L'odeur de l'encens planait encore dans la pièce. Les yeux encore clos mais une douleur lancinante dans les bras, je pris une profonde inspiration pour tenter de repousser la souffrance. En vain. J'ouvre les yeux et découvre une nouvelle fois un toit de bois. Cela faisait peu de temps que je dormais entre quatre murs, avec un vrai toit et un vrai sol. Même si le pont d'un navire roulant à la mesure des vagues n'est pas toujours considéré comme un véritable sol. J'étais donc plus habitué à trouver en face de moi au réveil, les frondaisons des arbres qui bordent le Ming-Chè, un tapis de végétation ou des animaux curieux. Ce genre de réveil n'est pas toujours agréable mais cela à été si longtemps ma vie que j'éprouvais chaque fois une sensation curieuse. Un mélange de surprise et de dépit à me réveiller dans une chambre. Je me demandais si la nuit prochaine, si le temps était clair, je ne pourrais pas trouver un coin pas trop exposé au vent où je puisse m'installer ? Pouvoir contempler les étoiles et la lune avant de s'endormir et sentir l'air frais en se levant.

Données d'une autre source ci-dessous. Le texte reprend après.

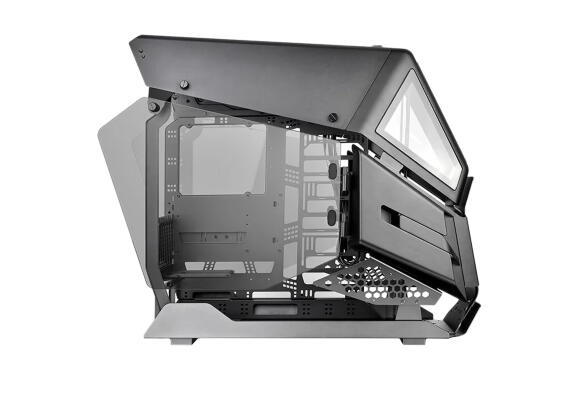 Корпус для ПК Thermaltake AH T600 CA-1Q4-00M1WN-00 Корпус для ПК Thermaltake AH T600 CA-1Q4-00M1WN-00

Un fin sourire apparût sur mes lèvres. Pas un sourire sinistre, pas un sourire absent, pas un sourire sanguinaire. Juste un sourire à l'idée d'une nuit à la belle étoile. Je me redresse alors et tends la main sur ma droite où je saisis les deux lames toujours dans leurs fourreau puis sors du lit et ouvre la porte. Le ciel est beau et le soleil n'est pas encore trop haut. Les fourreau toujours dans la main droite, je passe mon coude derrière la tête tandis que la main gauche viens appuyer dessus. Je force un peu et les articulations de mon bras ainsi qu'une partie de mes cervicales craquent dans un bruit qui aurait pût en dégouté plus d'un mais qui me paraissait familier voir même agréable. Échangeant la position des deux armes, je répète la manœuvre avec mon second bras. Puis je secoue un peu la tête, laissant mes long cheveux noirs se balancer dans le même mouvement, je termine ainsi de réveiller les muscles et articulations de mon cou.
Une arme dans chaque main, mon regard se porte vers la proue, vers l'horizon. Il n'y à qu'une partie de l'équipage qui effectue le premier quart après le levé du soleil. Peut-être que certains se joindront à moi. Ils l'avaient déjà fait pendant le trajet à destination de Déméria. M'installant sur le pont supérieur, dos au soleil, j'entame ce rituel. Cet entraînement matinal qui mélange kata au sabre et techniques martiales. Un aperçu du style de combat du Loup. J'effectue cette série d'exercice pendant presque une heure. Ils ne demandent pas un très grand effort mais sont tels une danse, les mouvements sont complexes et précis, ils demandent une grande concentration. C'est une forme de méditation, quoi que plus active que celle que j'ai l'habitude de pratiquer pour éliminer les douleurs. Mais aujourd'hui la douleur est diffuse et ce réveil me permet de les oublier. Elle est toujours là, juste mise de côté.
Tournant à nouveau le regard vers l'Horizon j'aperçois Lupen sous sa forme d'homme loup, assis sur la proue, au-dessus de l'écume fendue par la coque du navire. Je reste ainsi plusieurs instant à le fixer, me demandant ce que le vieux loup pouvait bien voir à l'horizon, je savais que c'était quelque chose que je ne pouvais appréhender a moins d'hériter de ses souvenirs.